Lastly, this proposal is particularly worrisome for those who are vulnerable. The concern is one of coercion: those who are vulnerable, whether the elderly, disabled, or disadvantaged in some other way, may feel pressure to end their lives prematurely, whether from the state, family or some other third party. The state has grown due to it assuming a protective role for those we collectively deem to be vulnerable. As Giles Fraser has said: “human beings are at their most expensive when they are at their most vulnerable”. This change would remove a layer of protection because no matter how watertight the bill, it is questionable how any law would ever be able to fully protect the most vulnerable.
None of the above is borne of religious conviction: I do not have any.

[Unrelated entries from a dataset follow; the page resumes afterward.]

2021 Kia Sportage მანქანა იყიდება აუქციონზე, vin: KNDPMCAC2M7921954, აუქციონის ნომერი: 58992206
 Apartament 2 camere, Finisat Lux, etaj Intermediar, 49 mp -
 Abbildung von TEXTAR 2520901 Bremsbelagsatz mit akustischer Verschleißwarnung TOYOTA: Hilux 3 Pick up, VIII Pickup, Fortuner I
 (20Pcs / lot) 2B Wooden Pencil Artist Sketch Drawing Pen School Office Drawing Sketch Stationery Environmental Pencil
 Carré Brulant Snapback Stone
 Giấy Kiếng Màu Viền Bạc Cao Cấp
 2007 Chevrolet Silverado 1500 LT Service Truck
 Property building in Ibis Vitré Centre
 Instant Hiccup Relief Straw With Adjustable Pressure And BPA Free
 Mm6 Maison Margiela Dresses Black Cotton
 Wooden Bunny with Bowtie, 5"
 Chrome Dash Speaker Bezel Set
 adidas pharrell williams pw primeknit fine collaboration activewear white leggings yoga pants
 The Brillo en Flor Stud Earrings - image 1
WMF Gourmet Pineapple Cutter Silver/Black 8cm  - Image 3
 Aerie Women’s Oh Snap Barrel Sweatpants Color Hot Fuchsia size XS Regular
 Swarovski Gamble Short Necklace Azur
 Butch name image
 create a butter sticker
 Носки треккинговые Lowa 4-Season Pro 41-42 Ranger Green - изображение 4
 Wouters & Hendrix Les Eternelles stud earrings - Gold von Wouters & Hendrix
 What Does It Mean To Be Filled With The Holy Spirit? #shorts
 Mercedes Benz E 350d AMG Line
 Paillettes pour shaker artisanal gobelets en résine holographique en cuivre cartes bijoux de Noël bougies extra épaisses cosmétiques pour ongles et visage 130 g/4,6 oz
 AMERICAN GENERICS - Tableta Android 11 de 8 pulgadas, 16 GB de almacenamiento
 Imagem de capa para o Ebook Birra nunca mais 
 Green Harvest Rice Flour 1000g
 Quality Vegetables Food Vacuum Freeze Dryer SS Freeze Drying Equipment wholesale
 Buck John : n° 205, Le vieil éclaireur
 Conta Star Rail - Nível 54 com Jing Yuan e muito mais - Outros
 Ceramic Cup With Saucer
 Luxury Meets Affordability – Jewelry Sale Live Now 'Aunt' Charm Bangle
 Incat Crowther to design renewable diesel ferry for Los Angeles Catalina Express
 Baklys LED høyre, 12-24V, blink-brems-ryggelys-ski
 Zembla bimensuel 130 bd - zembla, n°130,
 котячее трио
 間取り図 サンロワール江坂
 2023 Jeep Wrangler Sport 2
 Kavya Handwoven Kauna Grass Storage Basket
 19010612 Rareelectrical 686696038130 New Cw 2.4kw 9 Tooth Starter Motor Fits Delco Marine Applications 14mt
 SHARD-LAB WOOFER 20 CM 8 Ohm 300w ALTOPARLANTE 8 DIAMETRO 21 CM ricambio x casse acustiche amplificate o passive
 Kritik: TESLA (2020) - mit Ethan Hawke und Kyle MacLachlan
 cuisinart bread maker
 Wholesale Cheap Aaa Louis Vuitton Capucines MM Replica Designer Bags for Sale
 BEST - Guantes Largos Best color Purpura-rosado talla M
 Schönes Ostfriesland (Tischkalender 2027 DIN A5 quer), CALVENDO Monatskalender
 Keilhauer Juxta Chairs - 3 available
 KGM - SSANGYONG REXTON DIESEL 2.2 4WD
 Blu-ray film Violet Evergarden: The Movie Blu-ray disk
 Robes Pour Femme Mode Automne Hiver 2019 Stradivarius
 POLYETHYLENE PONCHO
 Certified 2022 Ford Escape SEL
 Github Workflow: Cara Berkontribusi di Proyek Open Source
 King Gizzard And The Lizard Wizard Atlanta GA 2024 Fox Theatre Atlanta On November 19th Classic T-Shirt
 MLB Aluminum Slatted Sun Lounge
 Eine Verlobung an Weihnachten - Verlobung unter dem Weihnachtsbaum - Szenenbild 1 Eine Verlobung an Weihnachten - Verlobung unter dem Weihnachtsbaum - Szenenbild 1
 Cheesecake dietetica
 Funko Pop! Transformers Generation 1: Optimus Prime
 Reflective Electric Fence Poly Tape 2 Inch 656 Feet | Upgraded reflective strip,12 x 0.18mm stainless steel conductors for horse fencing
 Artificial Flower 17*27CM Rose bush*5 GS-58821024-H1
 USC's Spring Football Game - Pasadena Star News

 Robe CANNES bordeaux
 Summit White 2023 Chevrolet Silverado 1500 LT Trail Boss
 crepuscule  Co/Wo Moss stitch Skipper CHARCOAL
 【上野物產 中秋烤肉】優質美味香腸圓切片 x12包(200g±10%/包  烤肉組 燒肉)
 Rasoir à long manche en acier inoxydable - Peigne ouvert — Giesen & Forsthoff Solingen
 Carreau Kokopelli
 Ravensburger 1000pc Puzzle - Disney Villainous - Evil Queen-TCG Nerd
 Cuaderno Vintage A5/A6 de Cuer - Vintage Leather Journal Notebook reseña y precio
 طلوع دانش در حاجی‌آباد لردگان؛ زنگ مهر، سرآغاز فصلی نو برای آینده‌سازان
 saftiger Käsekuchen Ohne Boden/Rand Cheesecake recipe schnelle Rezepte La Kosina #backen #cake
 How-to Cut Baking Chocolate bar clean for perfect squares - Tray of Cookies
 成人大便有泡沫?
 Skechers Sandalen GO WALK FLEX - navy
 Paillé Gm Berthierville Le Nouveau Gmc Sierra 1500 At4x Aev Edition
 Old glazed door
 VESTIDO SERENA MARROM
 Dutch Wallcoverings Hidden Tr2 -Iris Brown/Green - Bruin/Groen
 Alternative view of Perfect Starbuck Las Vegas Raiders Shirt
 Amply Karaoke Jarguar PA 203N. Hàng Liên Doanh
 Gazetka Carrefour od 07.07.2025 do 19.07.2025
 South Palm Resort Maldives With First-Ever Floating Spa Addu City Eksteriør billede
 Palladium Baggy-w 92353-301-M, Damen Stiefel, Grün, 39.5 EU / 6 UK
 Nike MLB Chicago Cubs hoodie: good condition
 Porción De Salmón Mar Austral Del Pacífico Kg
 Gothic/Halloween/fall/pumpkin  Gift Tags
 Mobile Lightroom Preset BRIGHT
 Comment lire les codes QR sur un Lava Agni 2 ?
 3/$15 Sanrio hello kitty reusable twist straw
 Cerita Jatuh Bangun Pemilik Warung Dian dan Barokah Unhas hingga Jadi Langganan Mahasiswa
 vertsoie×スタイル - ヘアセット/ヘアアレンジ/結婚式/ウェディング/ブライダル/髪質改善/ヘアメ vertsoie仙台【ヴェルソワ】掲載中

But I do have personal experience, being there with my grandad in some of his last days as he battled cancer. Undoubtedly, he suffered unbearably and intolerably. But that did not stop those last moments of laughter and him being content in the knowledge that he had his family around him. I will treasure those moments, as I know he did. It is inconceivable that anyone in his position should ever feel any pressure or coercion. It is critical that those with disabilities and those with personal experience of terminal illness share that in this debate, and we also put the case for how to improve palliative care.
Far from seeing this issue as one which separates us out on either side of the “right side of history”, we should debate, argue and discuss agreeably knowing how consequential this decision may be.